Along the lines of the present invention, a metallic ring structure is provided, whose inner wall is closed and, in addition, is fabricated from a metal woven fabric and/or a metal felt. The closed structure of the inner wall makes it possible to minimize flow losses. Through the use of the metal woven fabric and/or metal felt, it is possible to resist thermal expansion while ensuring freedom from cracks. As a result, a substantially simpler design of a ring structure is made possible.

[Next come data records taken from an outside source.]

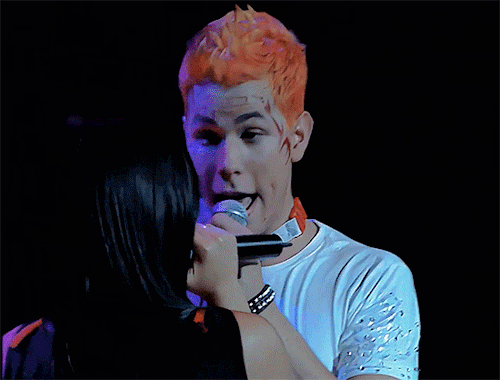 © Pedacitos De Estrellas | Gifs ★ Like Or Reblog If You Save, Dont Repost 
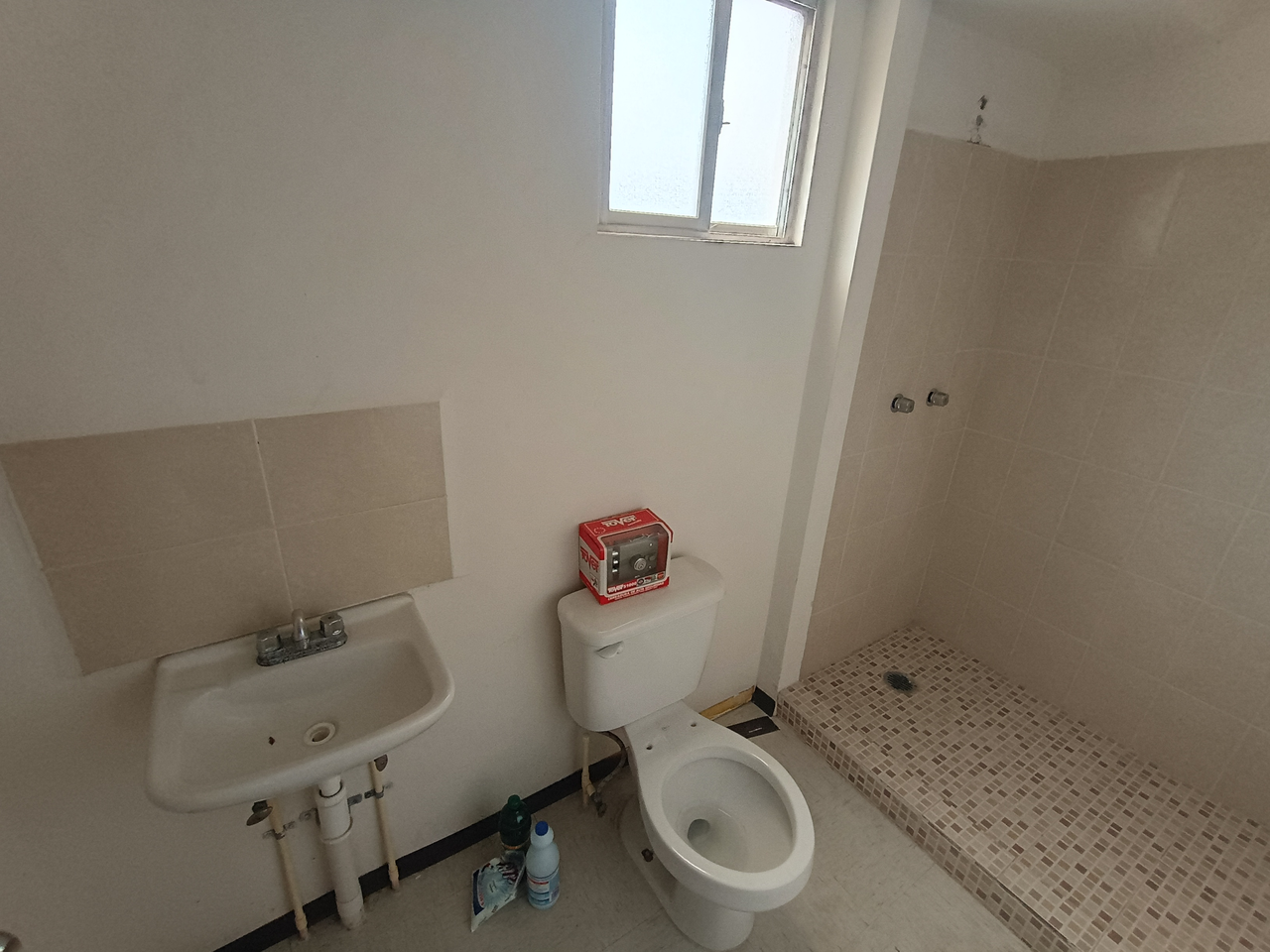 Habi inmobiliaria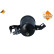 Dryer, air conditioning EASY FIT 33026 NRF, Thumbnail 3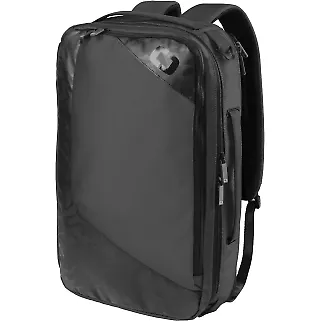 Ogio Bags 91005 OGIO  Convert Pack Tarmac front view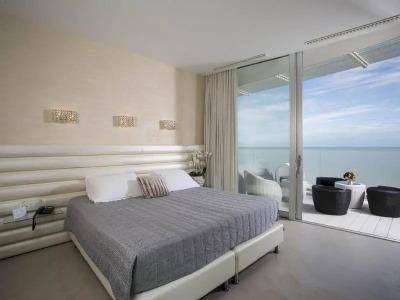 Waldorf- Premier Resort - 47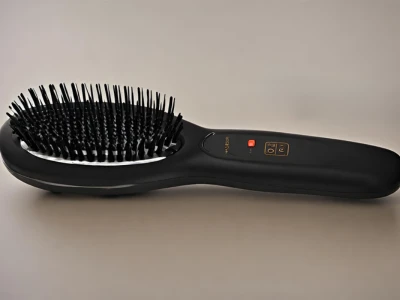 opiniones cepillos alisadores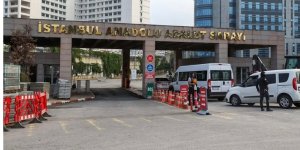 İstanbul ve Nevşehir merkezli "yasa dışı bahis" soruşturmalarında 221 gözaltı kararı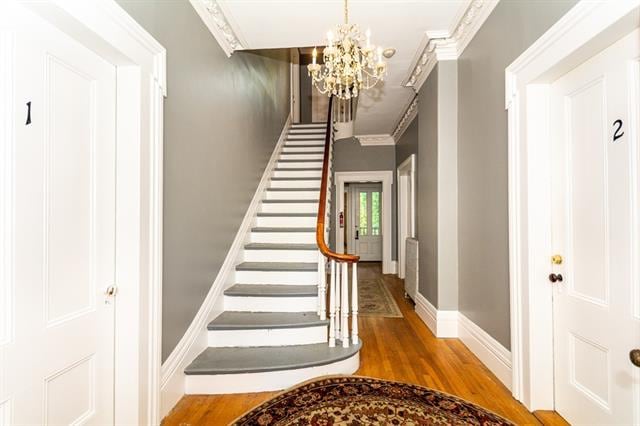 Photo - 408 E Merrimack St Unit 6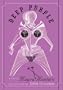 Deep Purple: A Novel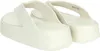 Crocs Slide Sandals 209410-001 in Black color size 38-39 Voir les images du produit 11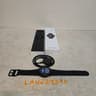 Samsung Galaxy Watch FE - 40mm - Wifi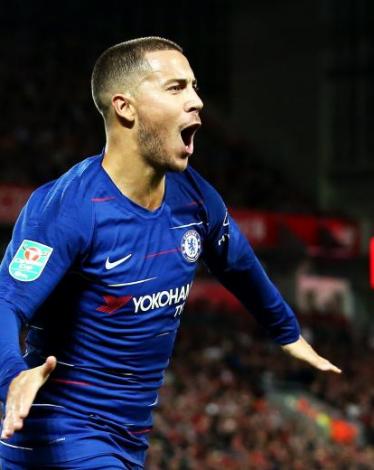 GettyImages-1041253558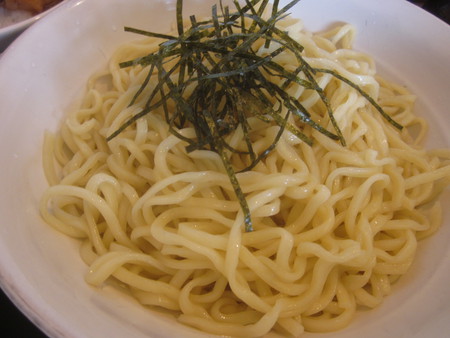 ラーメン好きですin掛川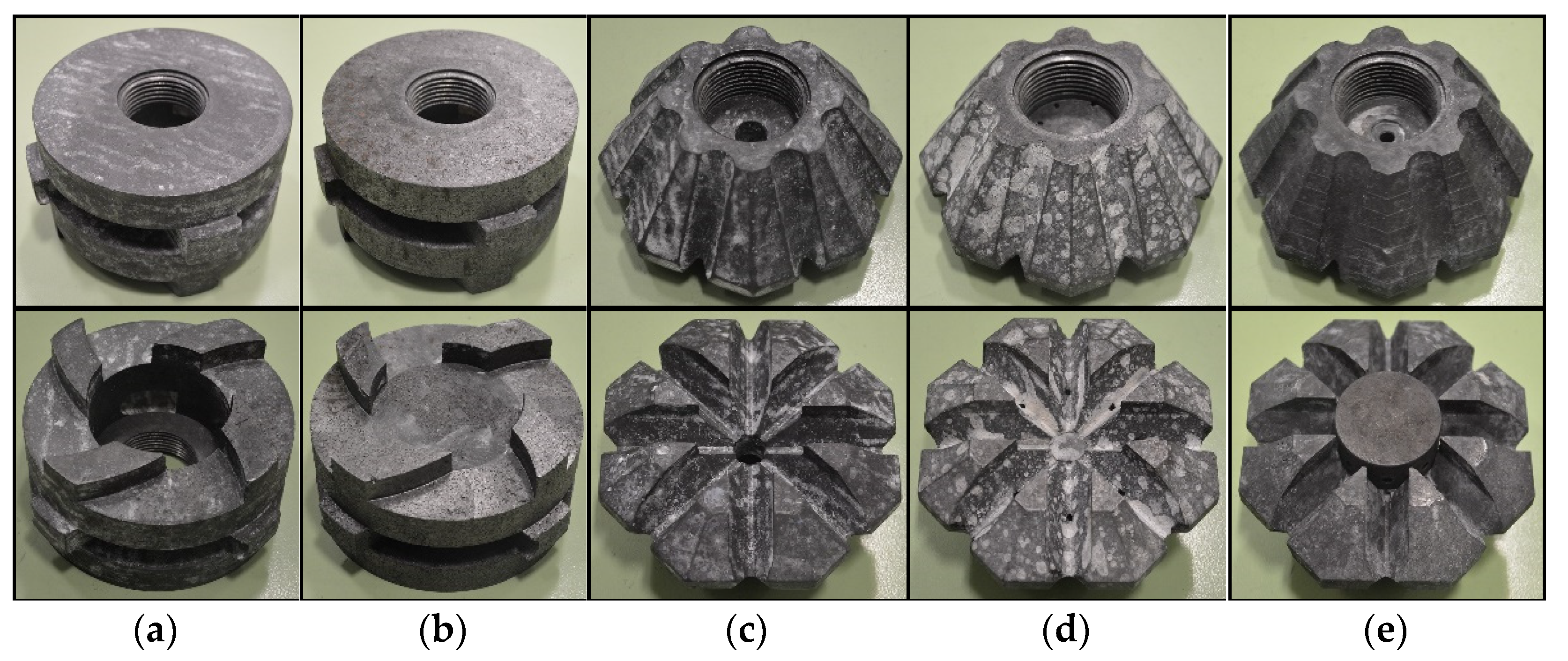 Metals 11 00284 g004 Metals 11 00284 g004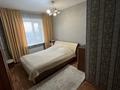 4-бөлмелі пәтер · 82 м² · 4/5 қабат, Карасай Батыра 40 — Карасай батыра менделеева, бағасы: 25 млн ₸ в Талгаре — фото 7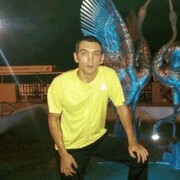  ,  , 40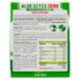 equilibra Aloe Detox Zero Stick Gel 10 x 30 ml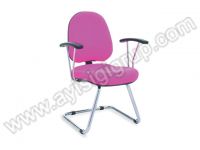 SENA U MİSAFİR KROM KOL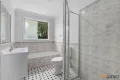 Property photo of 132 Glencoe Street Sutherland NSW 2232
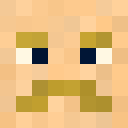 Stiste's avatar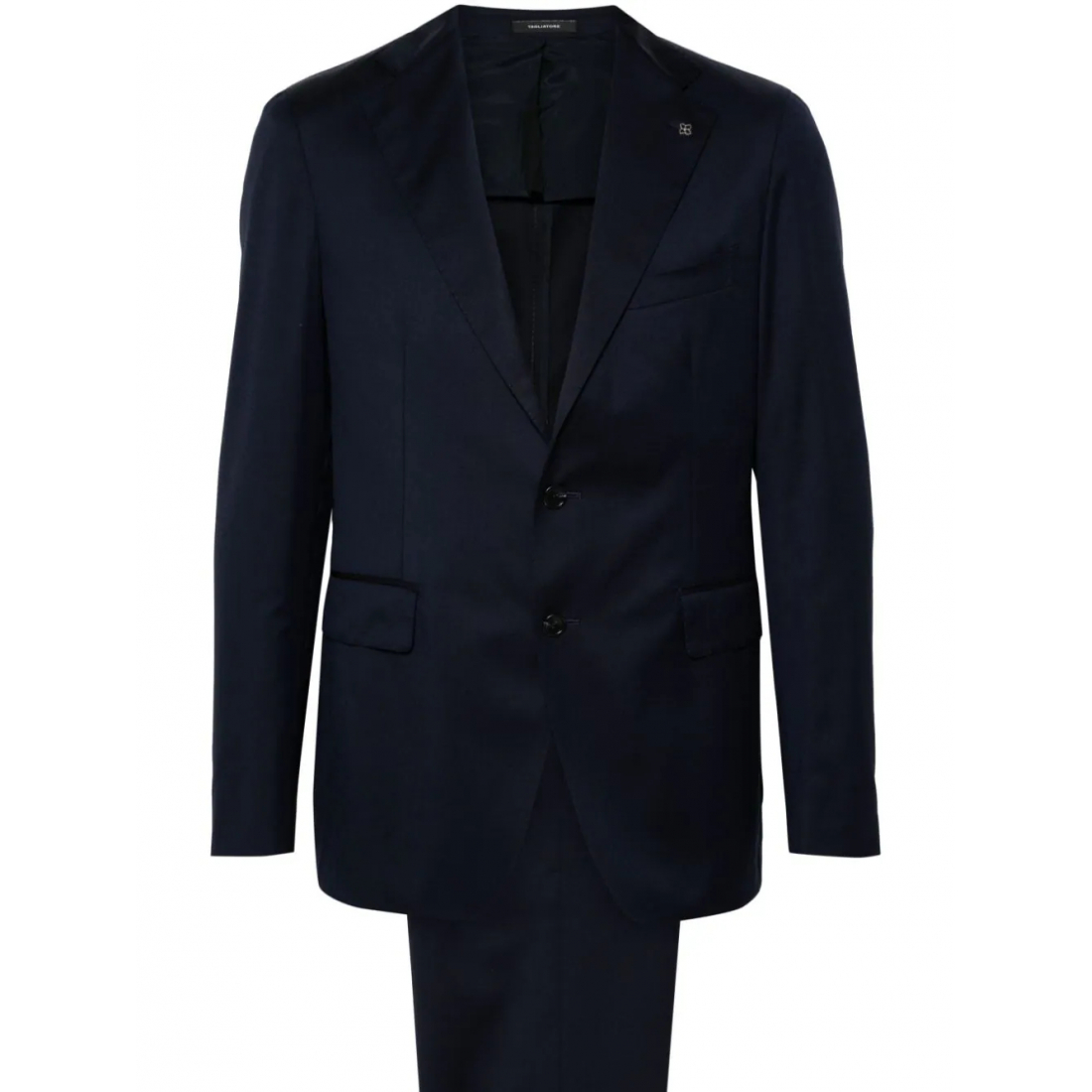 Men's Suit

In addition, the inner wall made of the metal felt and/or of the metal woven fabric serves as a run-in lining.

Claims

1-10. (canceled)

11. A ring structure of metal construction for a rotor blade region of axial flow compressor and turbine stages comprising:

an annular outer wall;

an annular inner wall spaced adjacent with a radial clearance from blade tips of the rotor blade region; and

a connecting structure positioned between the outer wall and the inner wall and designed as a hollow-chamber structure, the outer wall being designed as a closed, mechanically stable housing wall of the compressor or turbine stage, the connecting structure connected to the outer wall and the inner wall, and the inner wall forming a run-in lining for the blade tips, the inner wall being designed as a closed, continuous and mechanically stable structure of at least one of a metal woven fabric and a metal felt.

12. The ring structure as recited in claim 11 wherein the at least one of the metal woven fabric and the metal felt is fabricated from a metal alloy oxidation-resistant at high temperatures.

13. The ring structure as recited in claim 12 wherein the alloy is an iron-, nickel- or cobalt-based alloy.

14. The ring structure as recited in claim 1, wherein the at least one of the metal woven fabric and the metal felt form the intrinsically closed, annular inner wall, the at least one of the metal woven fabric and the metal felt being joined to one another to forming at least one butt joint abutting transitionally on the annular inner wall.

15. The ring structure as recited in claim 14 wherein the at least one butt joint is formed in each instance by two opposing edges.

16. The ring structure as recited in claim 15 wherein the two opposing edges overlap each other.

17. The ring structure as recited in claim 16 wherein the edges overlap one another without forming a region of thickened material.

18. The ring structure as recited in claim 16 wherein the edges overlap one another, forming a region of thickened material, the region of thickened material being directed radially outwardly toward the connecting structure.

19. The ring structure as recited in claim 11 wherein the inner wall is permanently joined to the connecting structure by sintering or by surface-diffusion welding.

20. The ring structure as recited in claim 19 wherein the connecting structure is permanently joined to the outer wall by sintering or by surface-diffusion welding.

21. The ring structure as recited in claim 11 wherein the inner wall made of the at least one metal woven fabric and the metal felt is permanently joined to the connecting structure by soldering.

22. The ring structure as recited in claim 21 wherein the connecting structure is permanently joined to the outer wall by soldering.

23. A gas turbine engine comprising the ring structure as recited in claim 11.